__MATERIAL SHOWN__

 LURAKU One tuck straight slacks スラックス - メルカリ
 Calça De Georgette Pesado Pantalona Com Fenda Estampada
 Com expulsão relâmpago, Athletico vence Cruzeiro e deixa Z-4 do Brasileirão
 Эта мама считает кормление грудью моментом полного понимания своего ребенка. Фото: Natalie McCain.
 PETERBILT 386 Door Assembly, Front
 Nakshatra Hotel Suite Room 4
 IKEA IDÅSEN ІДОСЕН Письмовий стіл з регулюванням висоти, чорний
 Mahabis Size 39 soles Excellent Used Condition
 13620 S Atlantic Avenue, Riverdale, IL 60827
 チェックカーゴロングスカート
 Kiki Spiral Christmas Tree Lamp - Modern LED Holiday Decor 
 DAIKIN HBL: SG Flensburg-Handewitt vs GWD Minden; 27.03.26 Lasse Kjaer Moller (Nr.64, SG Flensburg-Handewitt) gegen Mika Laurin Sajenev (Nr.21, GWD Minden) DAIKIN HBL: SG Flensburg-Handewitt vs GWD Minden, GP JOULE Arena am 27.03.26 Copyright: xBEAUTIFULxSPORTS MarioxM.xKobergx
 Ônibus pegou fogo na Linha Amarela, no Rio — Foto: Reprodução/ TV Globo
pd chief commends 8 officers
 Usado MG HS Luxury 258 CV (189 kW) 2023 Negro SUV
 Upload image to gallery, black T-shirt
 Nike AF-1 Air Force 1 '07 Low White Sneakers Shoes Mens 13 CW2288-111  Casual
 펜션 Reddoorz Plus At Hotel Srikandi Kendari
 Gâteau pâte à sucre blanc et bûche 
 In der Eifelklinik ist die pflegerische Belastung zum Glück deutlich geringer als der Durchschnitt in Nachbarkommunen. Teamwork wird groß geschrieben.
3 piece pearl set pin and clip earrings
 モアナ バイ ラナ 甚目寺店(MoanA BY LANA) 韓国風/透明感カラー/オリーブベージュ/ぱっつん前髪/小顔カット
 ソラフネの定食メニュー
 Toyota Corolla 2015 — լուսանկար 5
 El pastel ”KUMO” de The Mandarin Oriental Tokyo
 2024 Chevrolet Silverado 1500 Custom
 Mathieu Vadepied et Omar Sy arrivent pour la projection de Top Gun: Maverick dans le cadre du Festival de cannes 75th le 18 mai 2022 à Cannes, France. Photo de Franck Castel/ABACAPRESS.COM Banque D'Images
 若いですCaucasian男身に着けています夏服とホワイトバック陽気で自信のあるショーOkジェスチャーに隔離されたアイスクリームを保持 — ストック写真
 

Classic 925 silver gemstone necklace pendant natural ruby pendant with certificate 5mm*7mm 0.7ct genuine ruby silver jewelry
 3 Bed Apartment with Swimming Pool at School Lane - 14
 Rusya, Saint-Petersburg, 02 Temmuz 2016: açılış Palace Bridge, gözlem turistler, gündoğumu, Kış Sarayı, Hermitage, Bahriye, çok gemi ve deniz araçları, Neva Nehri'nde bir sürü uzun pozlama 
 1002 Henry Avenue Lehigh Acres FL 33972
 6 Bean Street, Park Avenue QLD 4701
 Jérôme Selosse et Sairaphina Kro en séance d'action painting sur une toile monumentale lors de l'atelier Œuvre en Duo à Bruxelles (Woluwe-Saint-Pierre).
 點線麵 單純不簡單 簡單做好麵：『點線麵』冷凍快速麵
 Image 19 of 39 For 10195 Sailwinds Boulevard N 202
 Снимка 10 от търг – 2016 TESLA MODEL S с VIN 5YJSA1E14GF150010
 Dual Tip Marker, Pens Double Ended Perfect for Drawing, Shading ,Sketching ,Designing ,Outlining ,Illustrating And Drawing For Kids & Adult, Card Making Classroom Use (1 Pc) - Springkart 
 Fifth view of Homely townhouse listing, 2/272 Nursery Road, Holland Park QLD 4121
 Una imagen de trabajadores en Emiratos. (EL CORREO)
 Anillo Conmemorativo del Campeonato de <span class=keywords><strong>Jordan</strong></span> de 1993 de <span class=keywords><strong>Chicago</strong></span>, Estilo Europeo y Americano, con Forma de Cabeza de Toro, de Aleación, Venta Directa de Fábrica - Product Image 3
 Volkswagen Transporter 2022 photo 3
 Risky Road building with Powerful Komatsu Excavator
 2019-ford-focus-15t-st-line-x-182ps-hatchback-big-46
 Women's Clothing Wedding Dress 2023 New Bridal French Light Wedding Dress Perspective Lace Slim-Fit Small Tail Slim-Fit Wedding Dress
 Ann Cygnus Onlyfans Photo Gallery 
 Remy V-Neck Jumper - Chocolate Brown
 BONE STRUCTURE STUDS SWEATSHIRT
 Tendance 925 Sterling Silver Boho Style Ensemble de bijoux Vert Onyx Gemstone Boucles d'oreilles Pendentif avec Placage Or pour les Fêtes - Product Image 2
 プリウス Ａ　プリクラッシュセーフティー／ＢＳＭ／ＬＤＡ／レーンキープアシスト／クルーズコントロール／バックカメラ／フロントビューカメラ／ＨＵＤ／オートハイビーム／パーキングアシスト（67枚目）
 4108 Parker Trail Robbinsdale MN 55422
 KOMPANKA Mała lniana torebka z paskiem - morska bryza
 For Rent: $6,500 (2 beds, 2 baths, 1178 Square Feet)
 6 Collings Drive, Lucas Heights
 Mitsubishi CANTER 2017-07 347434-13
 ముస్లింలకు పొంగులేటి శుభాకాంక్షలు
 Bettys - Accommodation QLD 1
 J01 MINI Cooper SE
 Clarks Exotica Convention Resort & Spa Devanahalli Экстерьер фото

__DIRECTIONS FOR THIS TASK__
Only the lines above from the line containing "2024 Chevrolet Silverado 1500 Custom" through the line containing "1002 Henry Avenue Lehigh Acres FL 33972" should be retyped, exactly and with both ends included.

__RESULT OF THE EXERCISE__
 2024 Chevrolet Silverado 1500 Custom
 Mathieu Vadepied et Omar Sy arrivent pour la projection de Top Gun: Maverick dans le cadre du Festival de cannes 75th le 18 mai 2022 à Cannes, France. Photo de Franck Castel/ABACAPRESS.COM Banque D'Images
 若いですCaucasian男身に着けています夏服とホワイトバック陽気で自信のあるショーOkジェスチャーに隔離されたアイスクリームを保持 — ストック写真
 

Classic 925 silver gemstone necklace pendant natural ruby pendant with certificate 5mm*7mm 0.7ct genuine ruby silver jewelry
 3 Bed Apartment with Swimming Pool at School Lane - 14
 Rusya, Saint-Petersburg, 02 Temmuz 2016: açılış Palace Bridge, gözlem turistler, gündoğumu, Kış Sarayı, Hermitage, Bahriye, çok gemi ve deniz araçları, Neva Nehri'nde bir sürü uzun pozlama 
 1002 Henry Avenue Lehigh Acres FL 33972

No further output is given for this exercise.